- Problem to solve
Reproduce only the lines below from the line containing "Bombín Infantil Negro Flocado" to the line containing "Moncler Navy Blue", exactly as written, with both end lines kept. Omit the pictures.

- Supplied entries
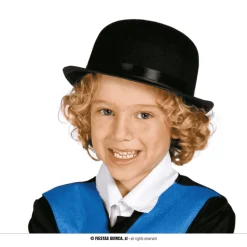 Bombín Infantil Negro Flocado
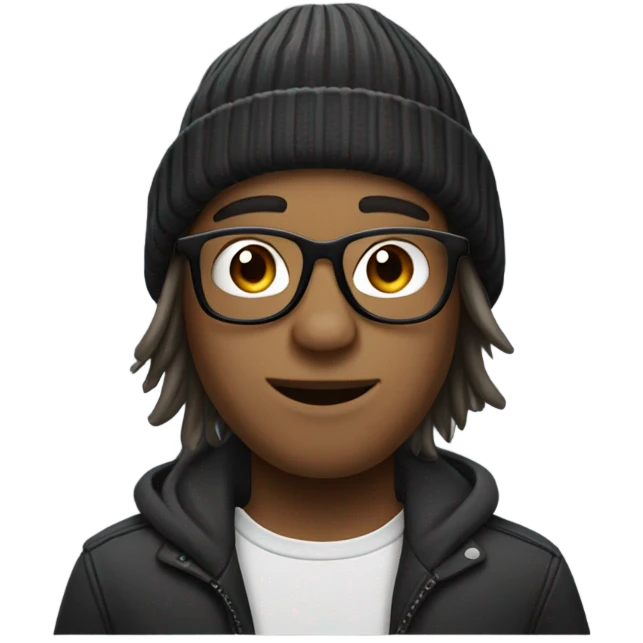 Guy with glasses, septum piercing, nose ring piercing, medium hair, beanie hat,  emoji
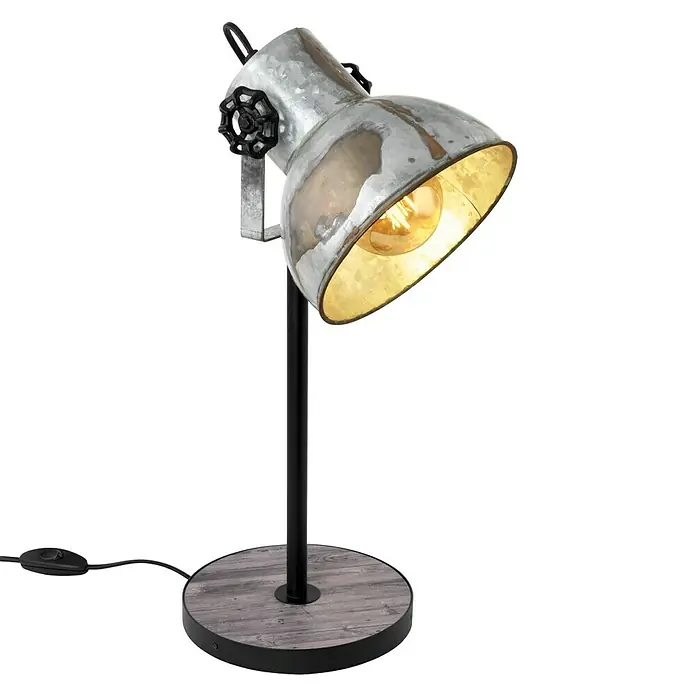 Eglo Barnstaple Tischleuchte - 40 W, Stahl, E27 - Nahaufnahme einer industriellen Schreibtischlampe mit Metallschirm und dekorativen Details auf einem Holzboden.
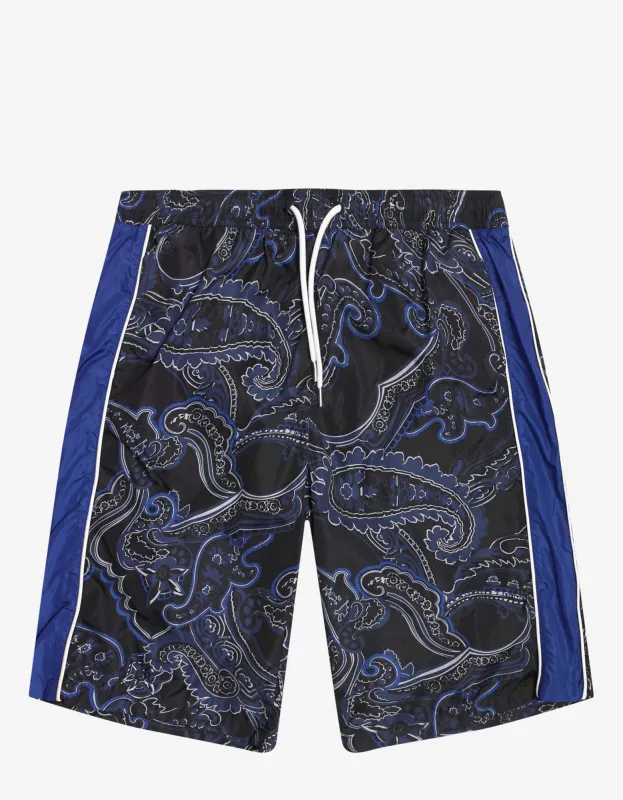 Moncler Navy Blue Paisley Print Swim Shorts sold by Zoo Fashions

* * *

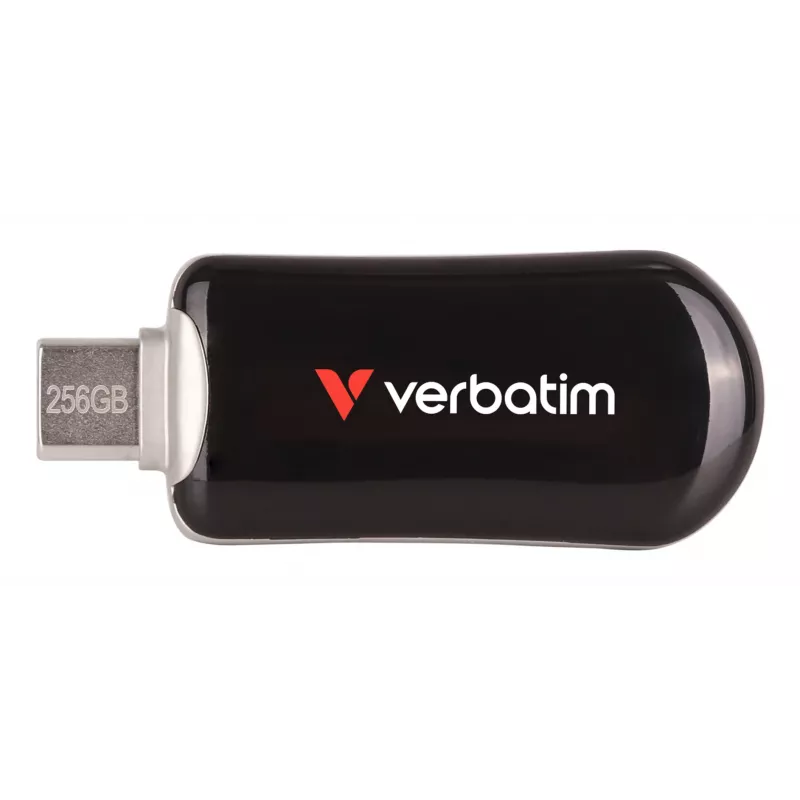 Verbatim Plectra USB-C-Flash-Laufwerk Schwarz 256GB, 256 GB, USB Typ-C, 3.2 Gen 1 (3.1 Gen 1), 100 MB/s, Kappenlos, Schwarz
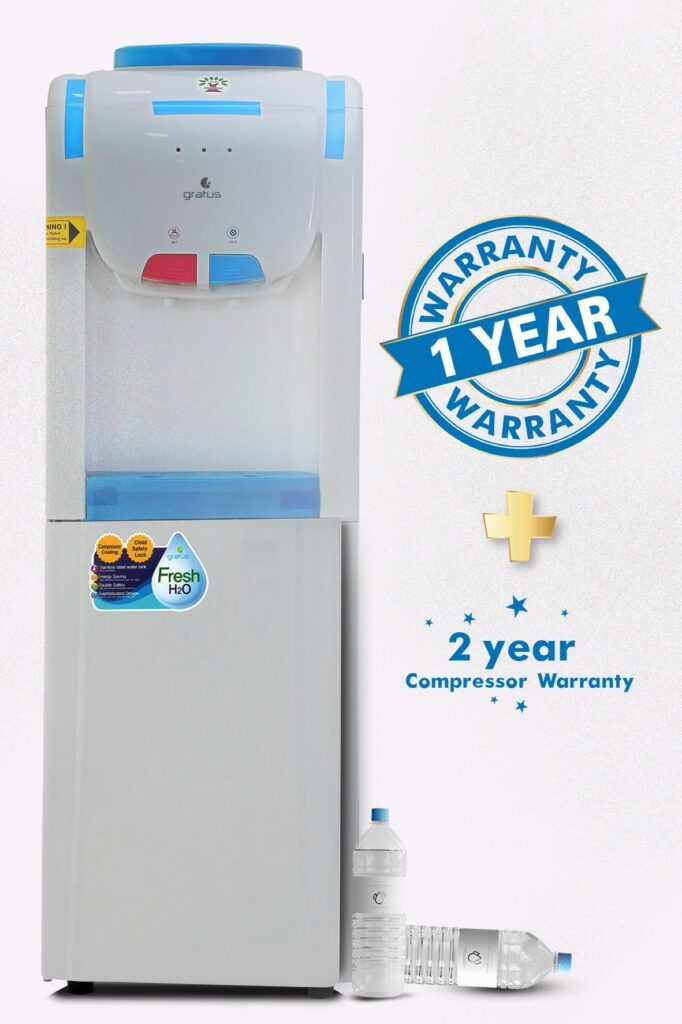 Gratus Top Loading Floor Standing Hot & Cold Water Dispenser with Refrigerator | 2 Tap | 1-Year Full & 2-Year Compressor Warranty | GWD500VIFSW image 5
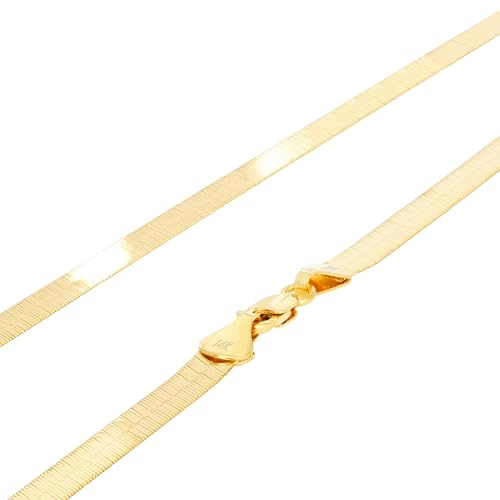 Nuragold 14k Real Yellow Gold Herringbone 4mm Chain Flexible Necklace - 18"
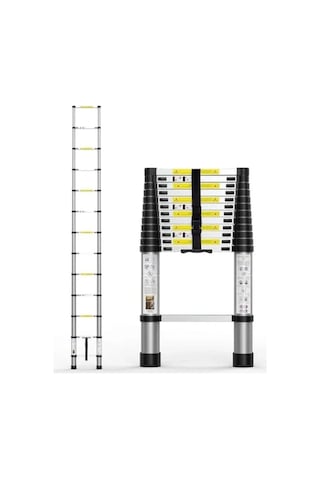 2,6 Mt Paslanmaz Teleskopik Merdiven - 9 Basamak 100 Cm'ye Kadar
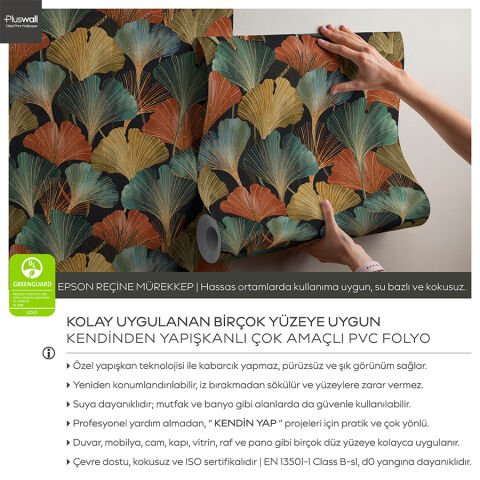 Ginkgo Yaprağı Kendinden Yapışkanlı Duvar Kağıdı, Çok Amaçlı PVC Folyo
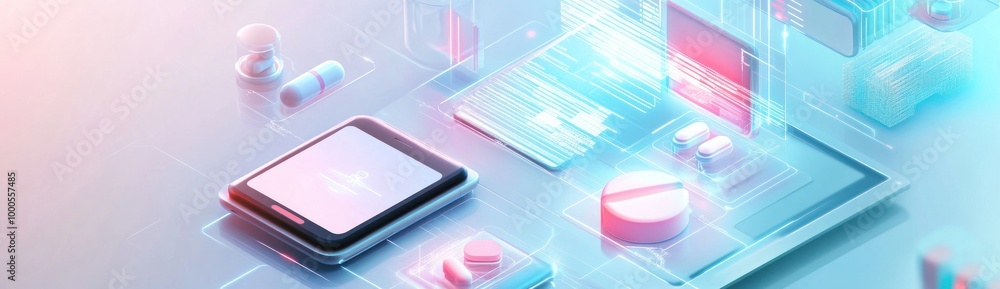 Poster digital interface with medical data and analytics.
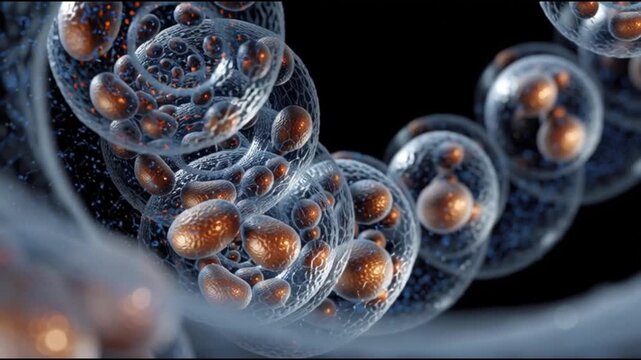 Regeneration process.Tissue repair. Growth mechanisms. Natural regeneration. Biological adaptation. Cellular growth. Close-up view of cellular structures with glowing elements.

* * *

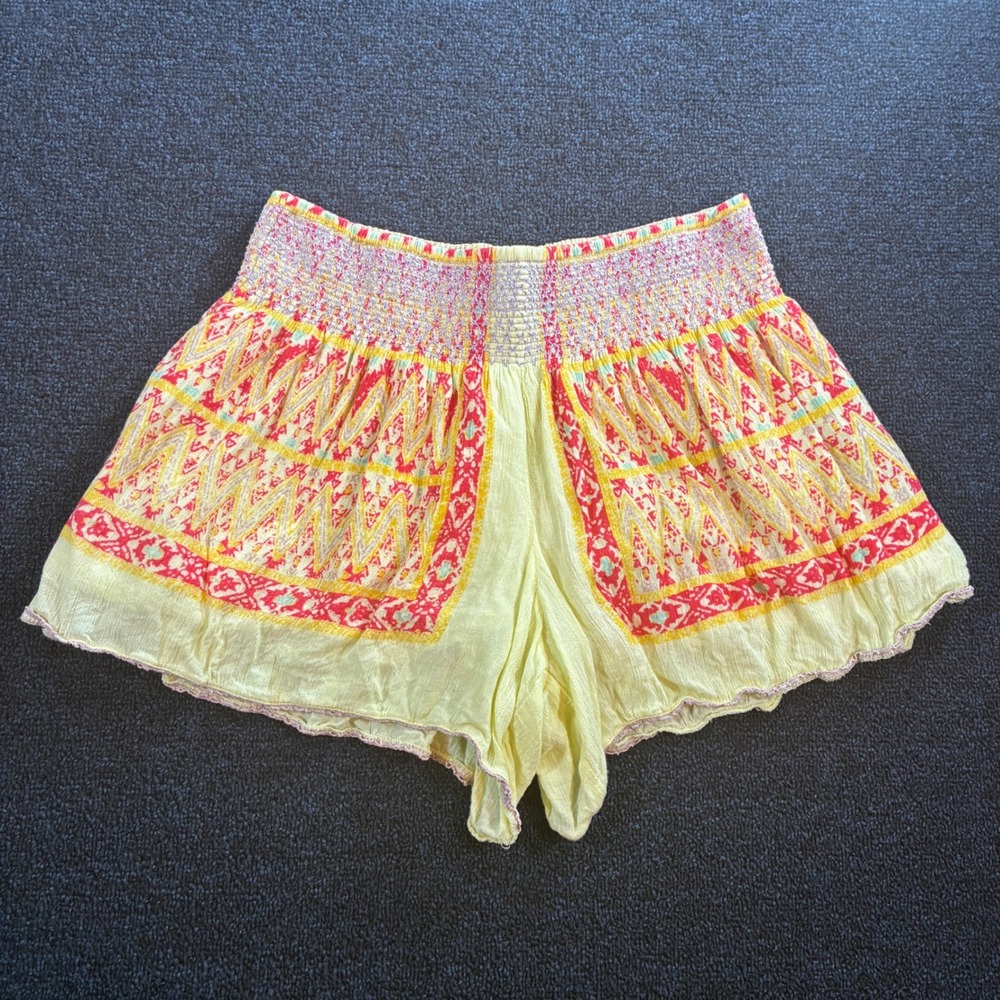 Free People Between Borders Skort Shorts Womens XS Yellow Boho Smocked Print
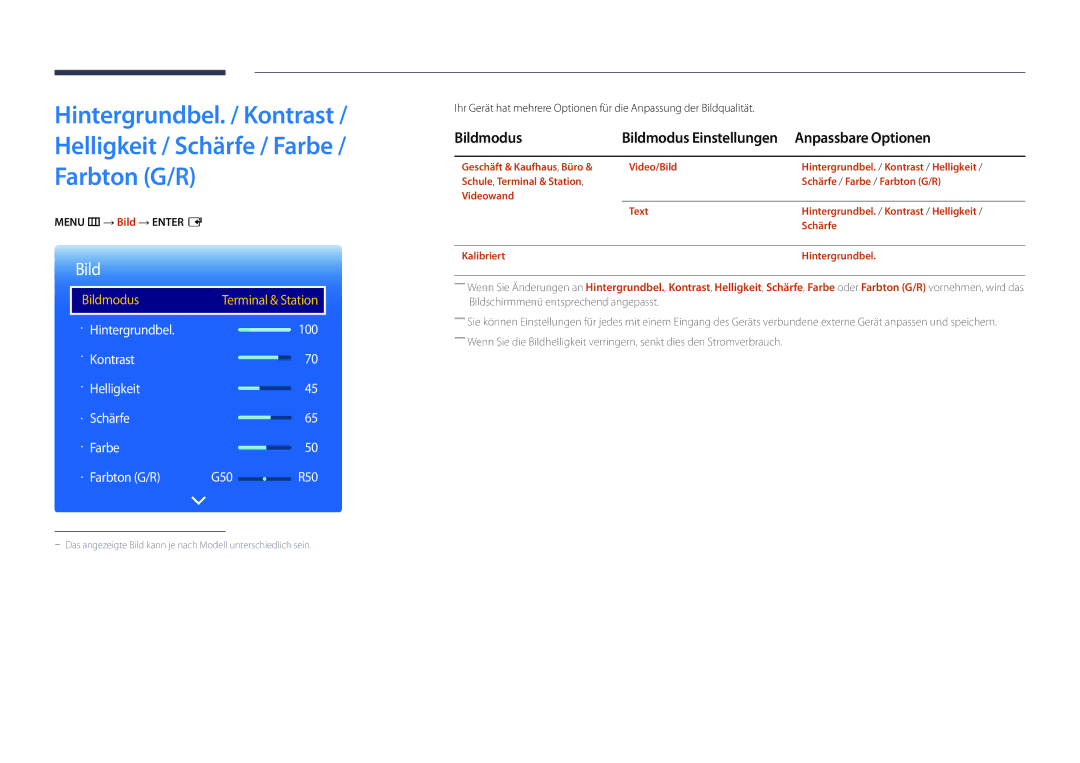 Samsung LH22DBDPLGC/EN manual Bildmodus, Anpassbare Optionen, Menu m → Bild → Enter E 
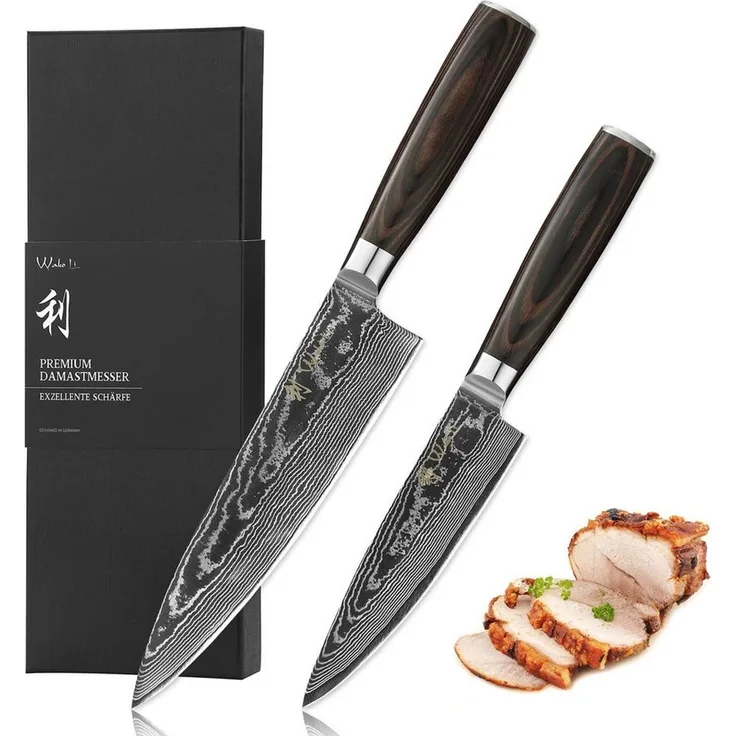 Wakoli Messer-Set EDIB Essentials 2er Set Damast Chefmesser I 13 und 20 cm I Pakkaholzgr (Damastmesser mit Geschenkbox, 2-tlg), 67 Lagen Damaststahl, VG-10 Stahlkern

- Exercise solution
 Bombín Infantil Negro Flocado
 Guy with glasses, septum piercing, nose ring piercing, medium hair, beanie hat,  emoji
 Eglo Barnstaple Tischleuchte - 40 W, Stahl, E27 - Nahaufnahme einer industriellen Schreibtischlampe mit Metallschirm und dekorativen Details auf einem Holzboden.
 Moncler Navy Blue Paisley Print Swim Shorts sold by Zoo Fashions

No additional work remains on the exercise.